→ **DATA SUPPLIED**

☆ ☆ ☆ ☆ ☆ ☆ ☆

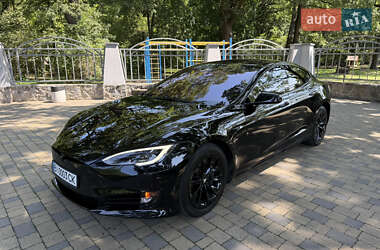Лифтбек Tesla Model S 2020 в 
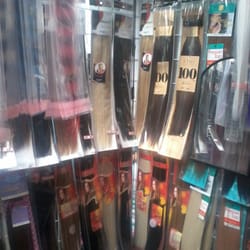 En el Andador Alhóndiga también podrás encontrar extensiones para el cabello.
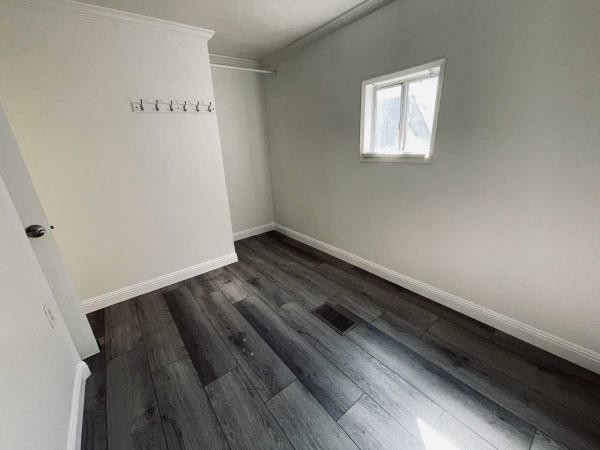 1973 Merry Home  Manufactured Home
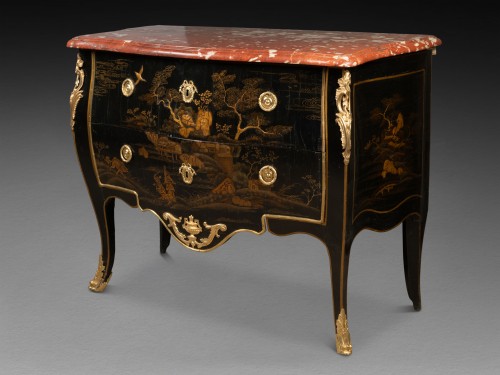 18th century - Lacquered chest of drawers, stamped Pierre Roussel, Paris, circa 1770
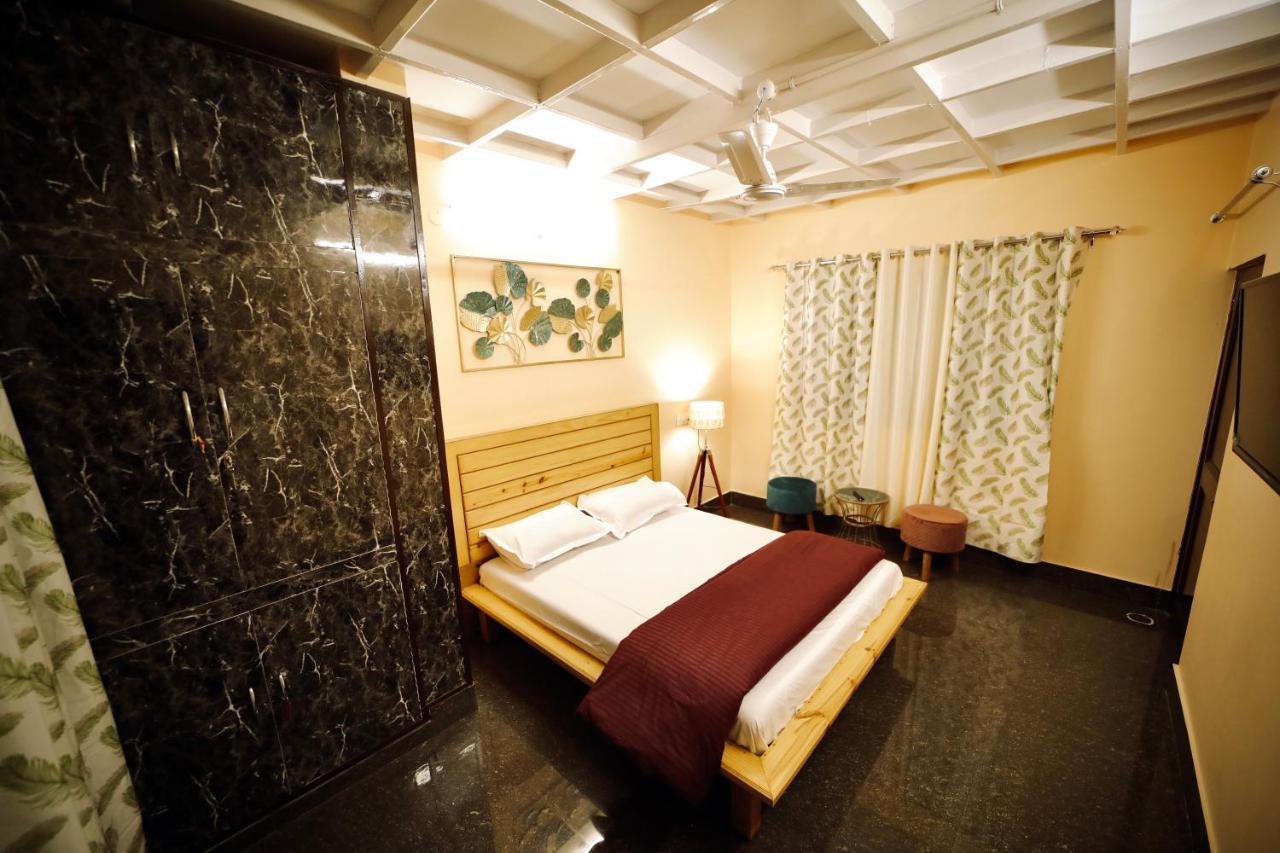 The Location, A Penthouse Otel Dehradun Dış mekan fotoğraf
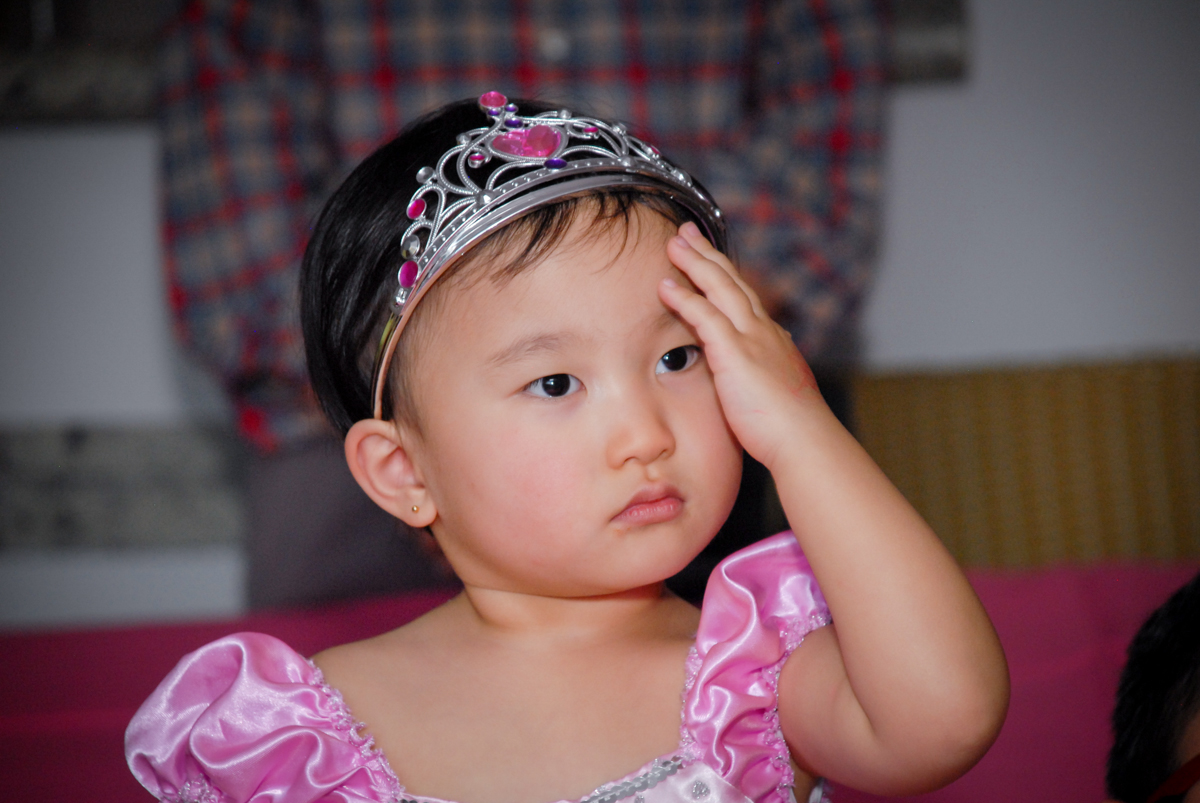 pose para a foto da aniversariante no condominio vila mariana aniversario de nicole 3 aninhos tema da festa princesas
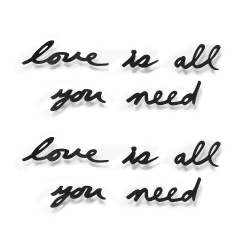 PS2007046 Umbra. Декоративная надпись Love Is All You Need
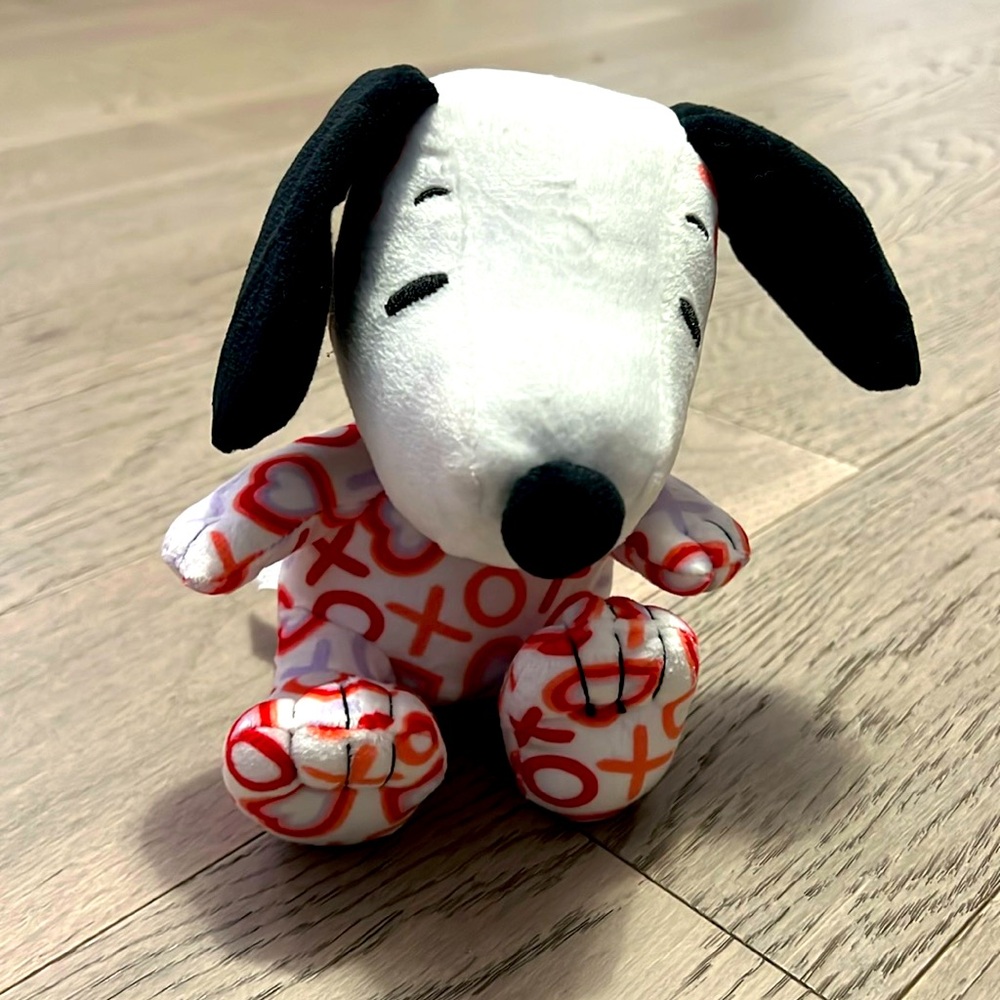 Snoopy mini stuff toy valentine xoxo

☆ ☆ ☆ ☆ ☆ ☆ ☆

→ **THE PROBLEM**
Skipping any pictures, copy the entries exactly as they appear.

→ **RESULT FOR THIS EXERCISE**
Лифтбек Tesla Model S 2020 в 
 En el Andador Alhóndiga también podrás encontrar extensiones para el cabello.
 1973 Merry Home  Manufactured Home
 18th century - Lacquered chest of drawers, stamped Pierre Roussel, Paris, circa 1770
 The Location, A Penthouse Otel Dehradun Dış mekan fotoğraf
 pose para a foto da aniversariante no condominio vila mariana aniversario de nicole 3 aninhos tema da festa princesas
 PS2007046 Umbra. Декоративная надпись Love Is All You Need
 Snoopy mini stuff toy valentine xoxo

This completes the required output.